Gideon Rachman at the Financial Times, July 8, 2008:
Some readers may wonder why I chose to write my column this week
about the International Criminal Court, rather than the obvious subject –
the G8 meeting in Japan.
The reason is that I had a thoroughly discouraging lunch with my colleague, Alan Beattie.
When I mentioned that I might write about the G8, he said – “Let me
guess, you will say…” and proceeded to reel off a string of cliches,
which had indeed been the basis of my putative column.
Alan then forwarded me a generic column on international institutions
that he has written. It really says it all – and I think I may simply
reproduce it, every year, round about G8 time.
It goes as follows:
By reporters everywhere
An ineffectual international organisation yesterday issued a
stark warning about a situation it has absolutely no power to change,
the latest in a series of self-serving interventions by
toothless intergovernmental bodies.
“We are seriously concerned about this most serious outbreak
of seriousness,” said the head of the institution, either a former
minister from a developing country or a mid-level European or American
bureaucrat. “This is a wake-up call to the world. They must take on
board the vital message that my organisation exists.”
The director of the body, based in one of New York, Washington or an
agreeable Western European city, was speaking at its annual conference,
at which ministers from around the world gather to wring their hands
impotently about the most fashionable issue of the day. The organisation
has sought to justify its almost completely fruitless existence by
joining its many fellow talking-shops in highlighting whatever crisis
has recently gained most coverage in the global media.

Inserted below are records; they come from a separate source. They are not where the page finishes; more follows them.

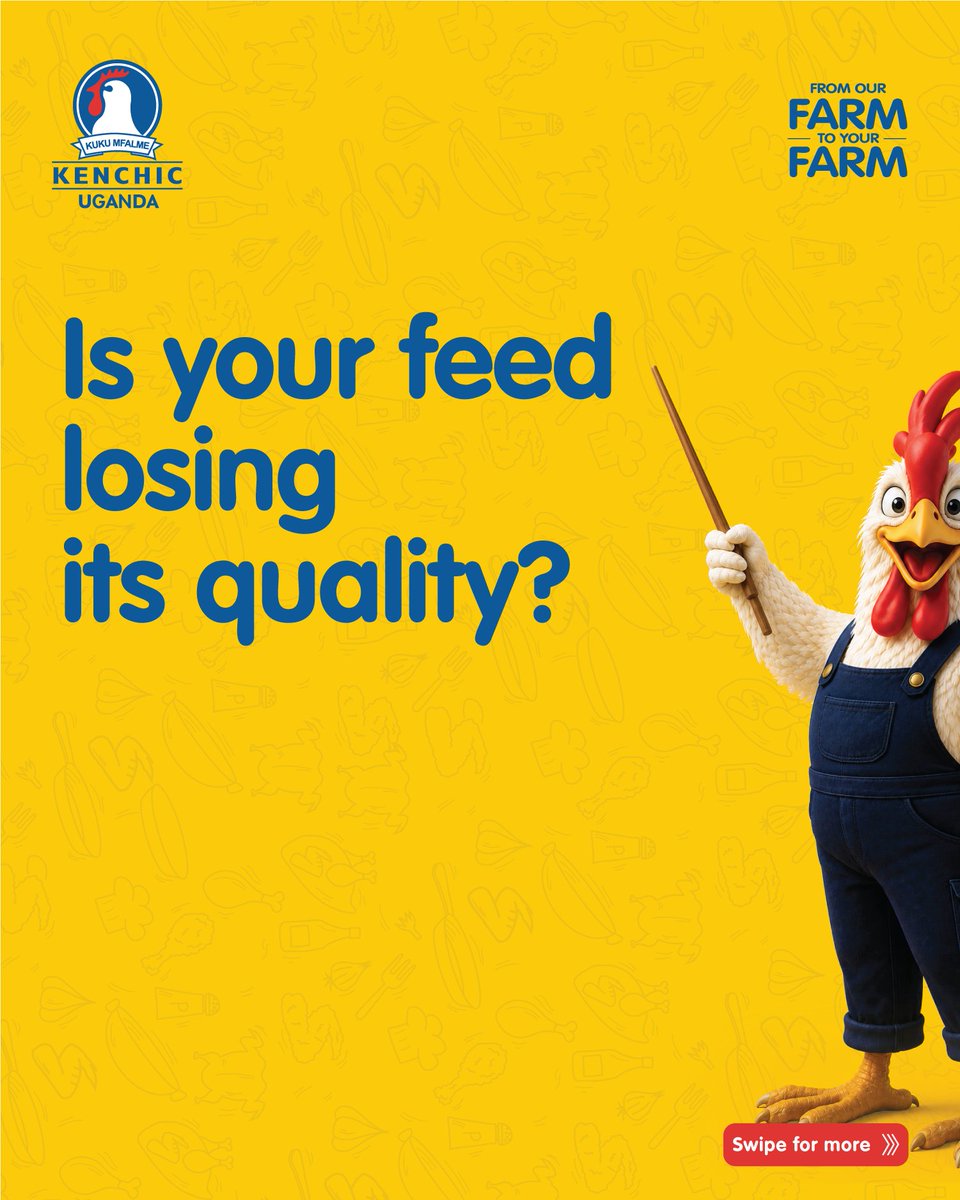 Kenchic_Uganda's tweet photo. Feed quality doesn’t end at production, how you store it matters too.
Poor storage practices can reduce the nutritional value of your feed and affect your birds’ performance.
Keep your Kenchic Feeds:
✅ In a cool, dry place
✅ Raised off the floor
✅ Away from moisture and pests
✅ Properly covered at all times
Good storage = better feed quality = healthier birds.
#GrowingWithYouFromDay1 #KenchicFeeds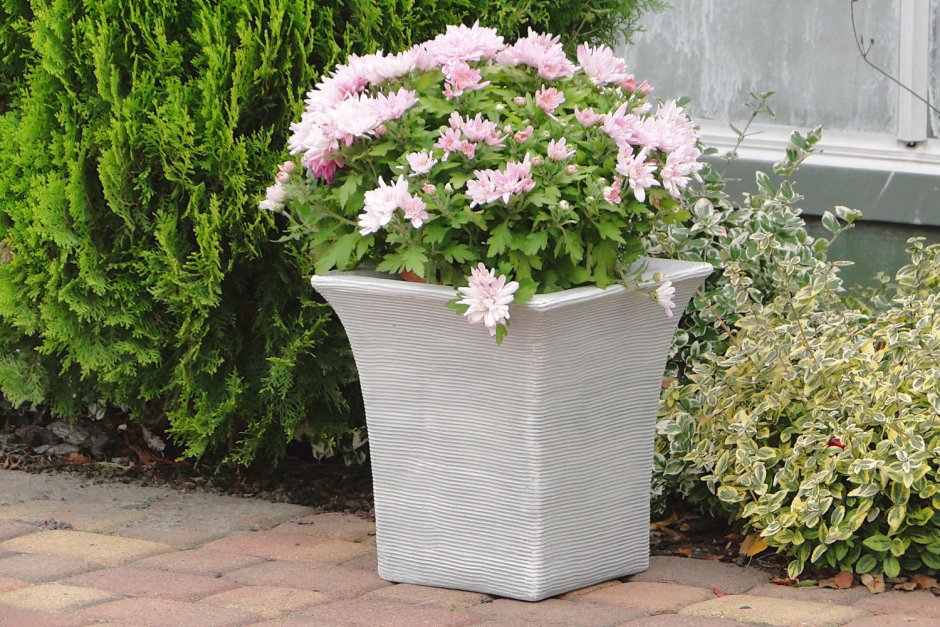 Ящик для цветов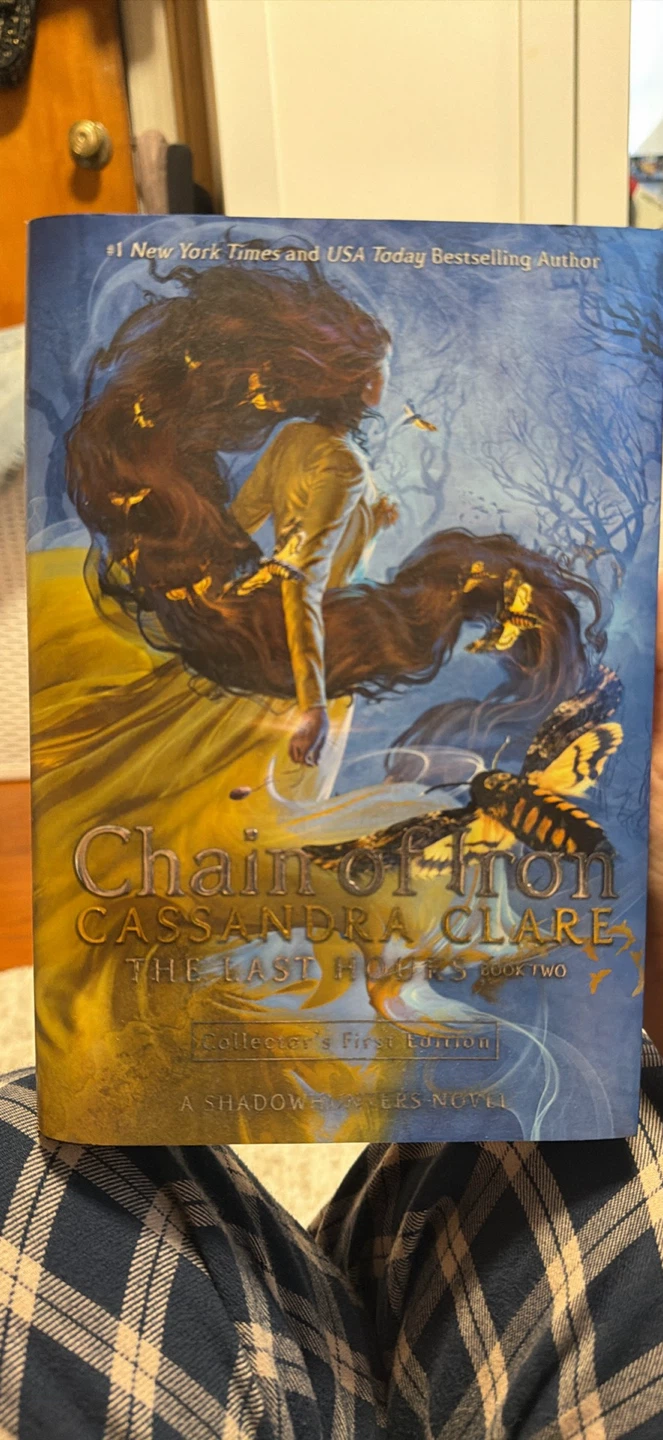 Chain of Gold & Chain of Iron Collector's First Editions - photo 3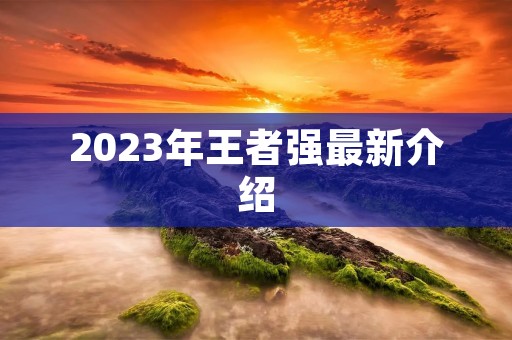2023年王者强最新介绍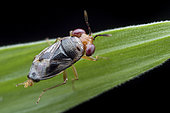 Big-eyed bug (Geocoris sp). Geocoris is a genus of insects in the family Geocoridae. Commonly known as big-eyed bugs, the species in Geocoris are beneficial predators. Singapore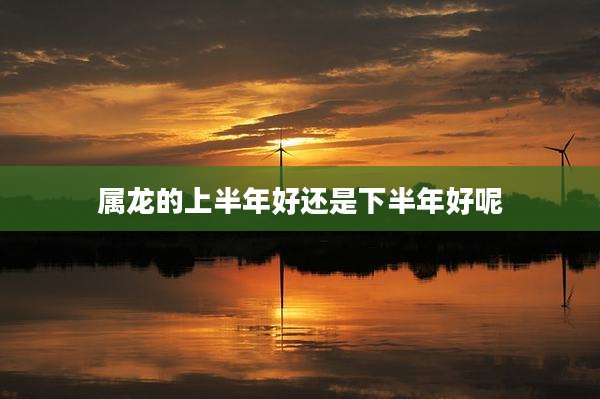 属龙的上半年好还是下半年好呢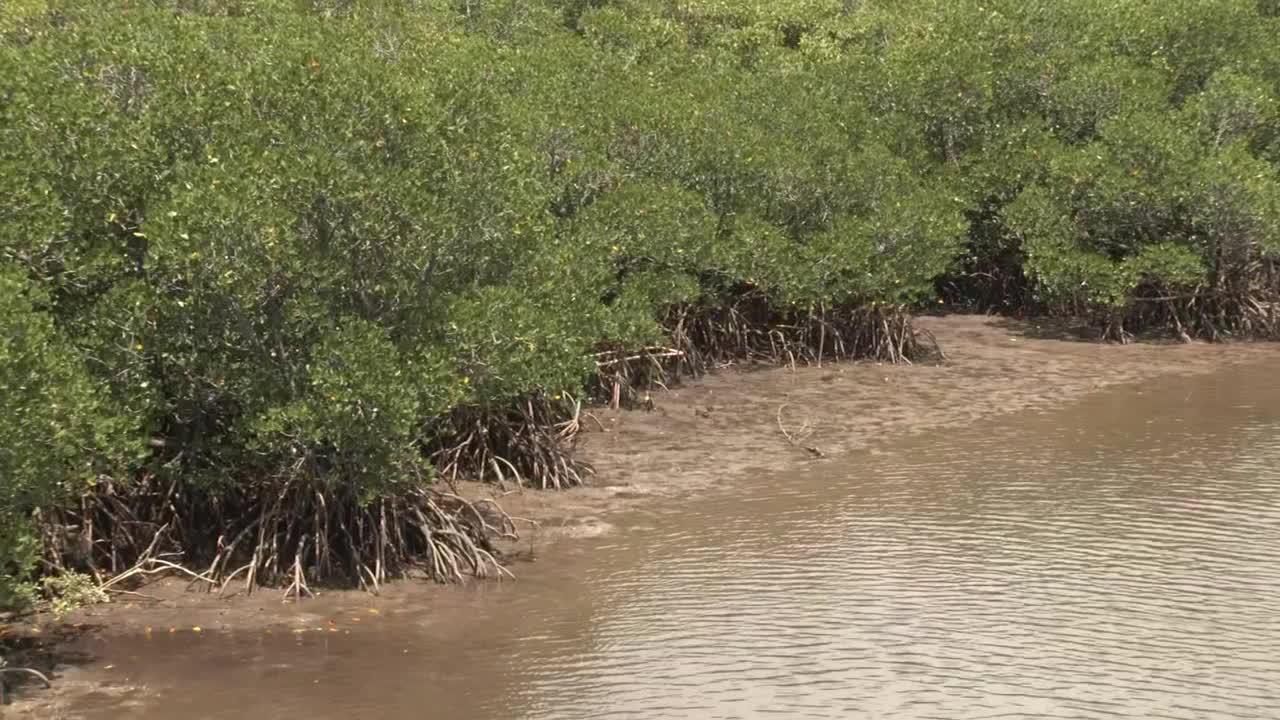 红树林,Iriomote。日本冲绳视频素材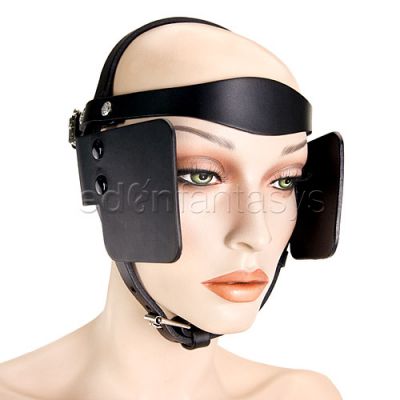 Scalloped brow pony bridle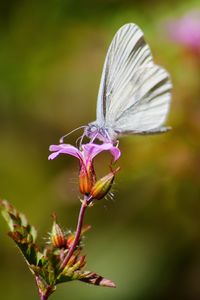 Close-up of butterfly pollinating on purple flower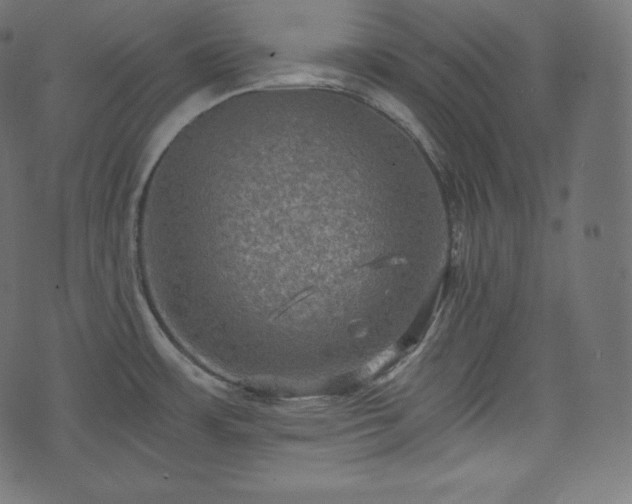 X0000073861483200608170930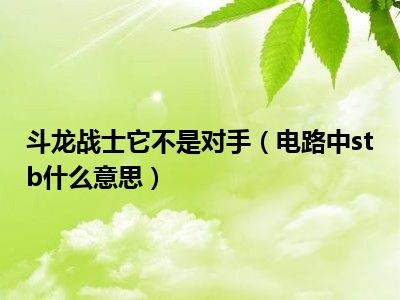 斗龙战士它不是对手（电路中stb什么意思）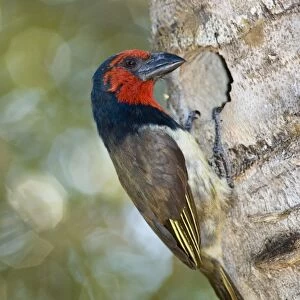 Black-collared Barbet attending nest in nesting box made from sisal stem. Sings synchronised duets. Frugivorous, also taking insects. Inhabits woodland, riparian and coastal dune forests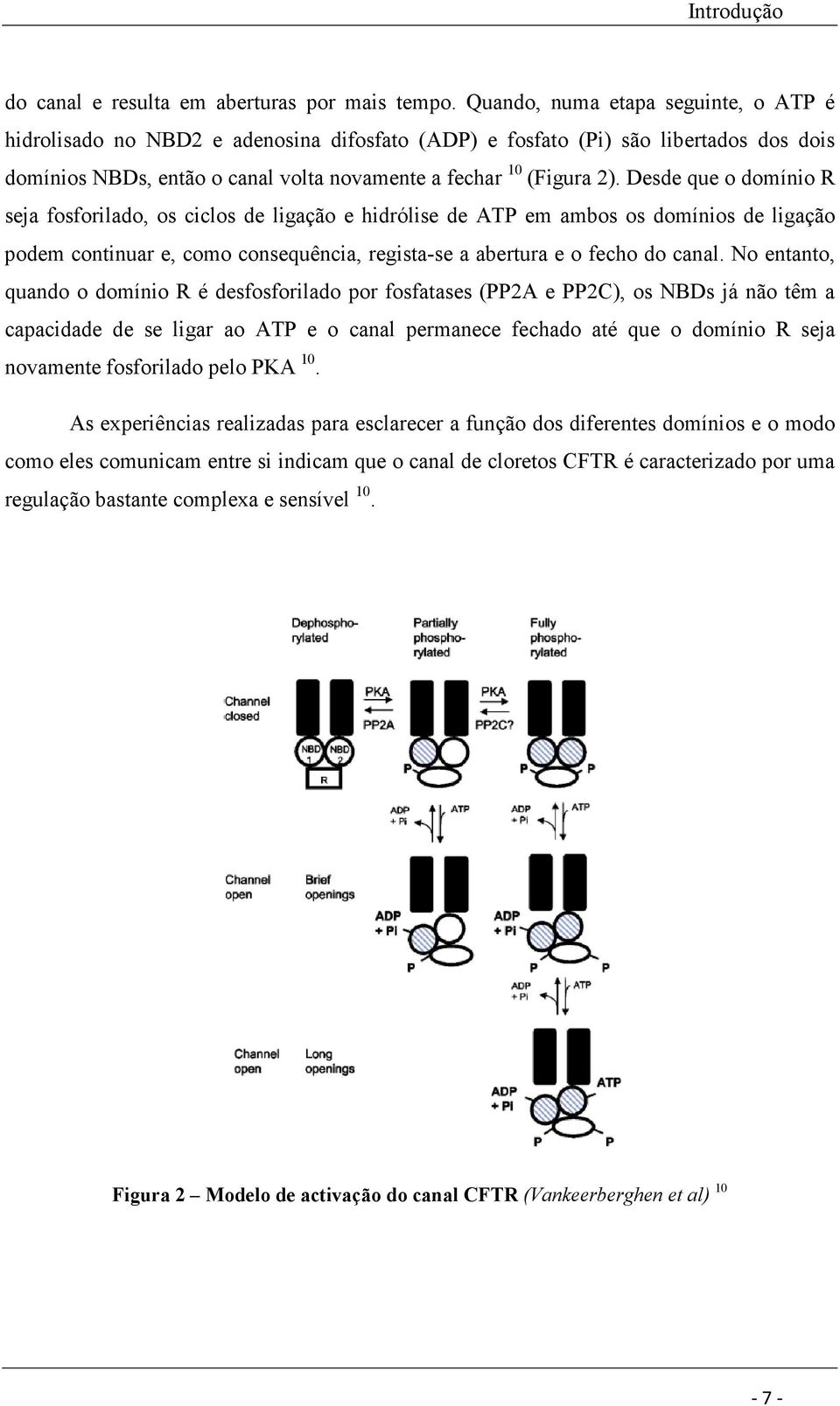 Desde que o domínio R seja fosforilado, os ciclos de ligação e hidrólise de ATP em ambos os domínios de ligação podem continuar e, como consequência, regista-se a abertura e o fecho do canal.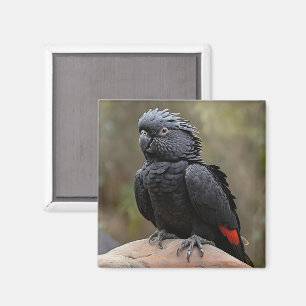 Aimant Cacatoès noir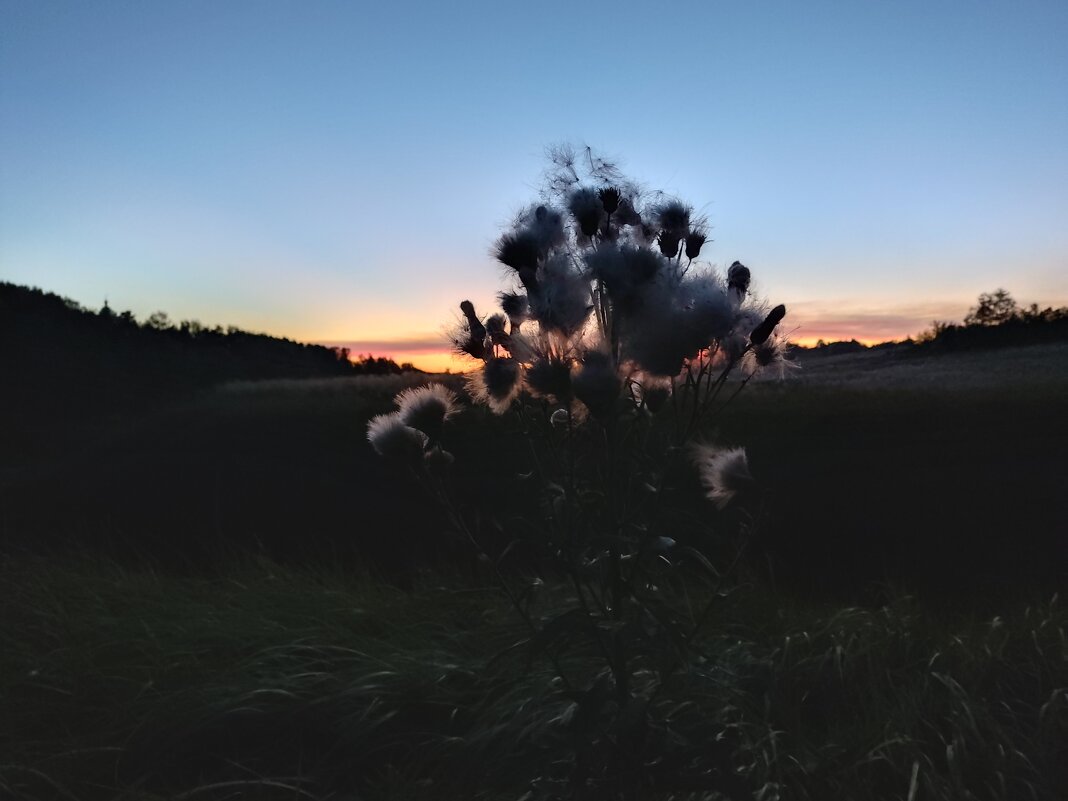 чертополох - Андрей Петренко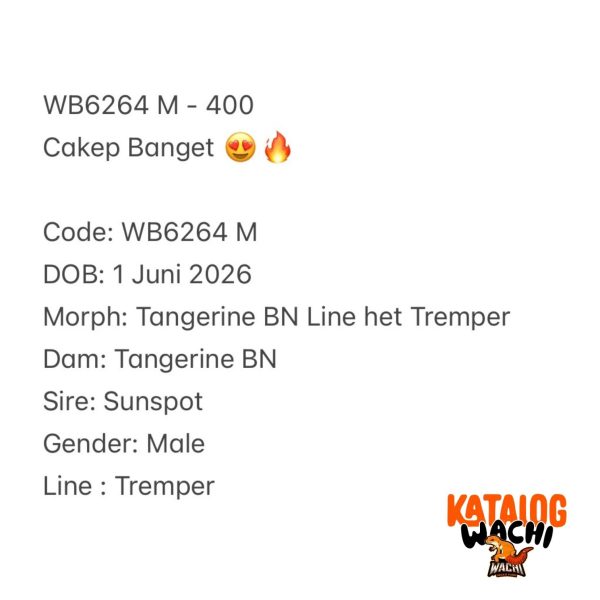 WB6264 M | Cakep Banget 😍🔥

“Governments around the world must come together to combat
whatever this year’s worrying situation has turned out to be,” the
director said. “It is not yet time to panic, but if it goes on much
further without my institution gaining some credit for sounding off on
the issue, we will be justified in labelling it a crisis.”
The organisation, whose existence the White House barely
acknowledges and to which hardly any member government intends to give
more money or extra powers, has long been fighting a war of attrition
against its own irrelevance....MORE
In 2009 I
copied and posted the whole thing fearing the FT would somehow remove it from the web but it's still available at the same URL.